And if we keep what we received to the end, then such as He has shall we have,
when we shall have no elements of discord of our own, and we shall have no
secrets hid from one another in our hearts. But I am not ignorant that these words of
the Lord may be taken so as to seem only a repetition of the same idea, "Peace
I leave with you, my peace I give unto you:" so that after saying "peace," He
only repeated it in saying "my peace;" and what He had meant in saying "I leave
with you," He simply repeated in saying "I give unto you." Let each one
understand it as he pleases; but it is my delight, as I believe it is yours also, my
beloved brethren, to keep such hold of that peace here, where our hearts are
making common cause against the adversary, that we may be ever longing for the
peace which there will be no adversary to disturb.

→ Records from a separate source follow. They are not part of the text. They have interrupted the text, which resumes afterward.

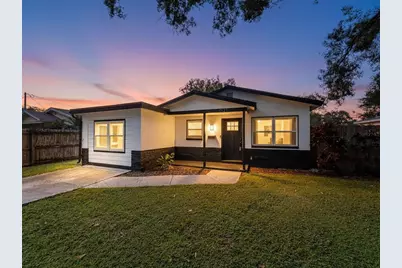 1121 49th Ave N, Saint Petersburg, FL 33703 - Photo 1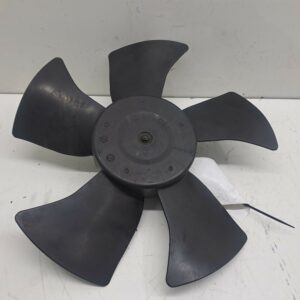 ELECTROVENTILADOR CHEVROLET SPARK S NAFTA Motor 0,8 Ltr.  52 CV  [2005 - 2011] 5 Puertas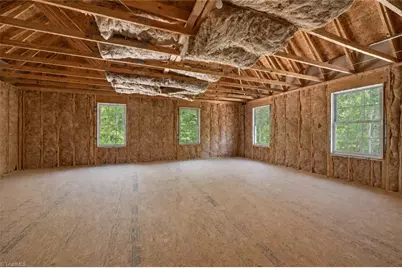 2007 Otter Creek Drive, Whitsett, NC 27377 - Photo 43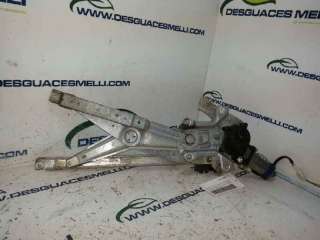 ELEVALUNAS DELANTERO DERECHO TOYOTA COROLLA LIFTBACK (1997-2000) 1.6 (AE111) 110CV 1587CC - L.576251 / 6980112170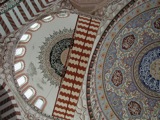 Mosques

5. But when the Lord proceeded to say, "Not as the world giveth, give I
unto you," what else does He mean but, Not as those give who love the world, give
I unto you? For their aim in giving themselves peace is that, exempt from the
annoyance of lawsuits and wars, they may find enjoyment, not in God, but in the
friendship of the world; and although they give the righteous peace, in
ceasing to persecute them, there can be no true peace where there is no real
harmony, because their hearts are at variance. For as one is called a consort who
unites his lot (sortem) with another, so may he be termed concordant whose heart
has entered into a similar union.(2) Let us, therefore, beloved, with whom
Christ leaveth peace, and to whom He giveth His own peace, not after the world's
way, but in a way worthy of Him by whom the world was made, that we should be of
one heart with Himself. having our hearts run into one, that this one heart, set
on that which is above, may escape the corruption of the earth.
TRACTATE LXXVIII.
CHAPTER XIV. 27, 28.
1. We have just heard, brethren, these words of the Lord, which He
addressed to His disciples: "Let not your heart be troubled, neither let it be
afraid. Ye have heard how I said unto you, I go away, and come unto you: if ye loved
me, ye would surely rejoice, because I go unto the Father; for the Father is
greater than I." Their hearts might have become filled with trouble and fear,
simply because of His going away from them, even though intending to return; lest,
possibly, in the very interval of the shepherd's absence, the wolf should make
an onset on the flock. But as God, He abandoned not those from whom He
departed as man: and Christ Himself is at once both man and God. And so He both went
away in respect of His visible humanity, and remained as regards His Godhead: He
went away as regards the nature which is subject to local limitations, and
remained in respect of that which is ubiquitous. Why, then, should their heart
be troubled and afraid, when His quitting their eyesight was of such a kind as
to leave unaltered His presence in their heart? Although even God, who has no
local bounds to His presence, may depart from the hearts of those who turn away
from Him, not with their feet, but their moral character; just as He comes to
such as turn to Him, not with their faces, but in faith, and approach Him in the
spirit, and not in the flesh. But that they might understand that it was only
in respect of His human nature that He said, "I go and come to you," He went on
to say, "If ye loved me, ye would surely rejoice, because I go unto the Father;
for the Father is greater than I." And so, then, in that very respect wherein
the Son is not equal to the Father, in that was He to go to the Father, just
as from Him is He hereafter to come to judge the quick and the dead: while in so
far as the Only-begotten is equal to Him that begat, He never withdraws from
the Father; but with Him is everywhere perfectly equal in that Godhead which
knows of no local limitations. For "being as He was in the form of God," as the
apostle says, "He thought it not robbery to be equal with God." For how could
that nature be robbery, which was His, not by usurpation, but by birth? "But He
emptied Himself, taking upon Him the form of a servant;"(1) and so, not losing
the former, but assuming the latter, and emptying Himself in that very respect
wherein He stood forth before us here in a humbler state than that wherein He
still remained with the Father. For there was the accession of a servant-form,
with no recession of the divine: in the assumption of the one there was no
consumption of the other. In reference to the one He says, "The Father is greater than
I;" but because of the other, "I and my Father are one."(2)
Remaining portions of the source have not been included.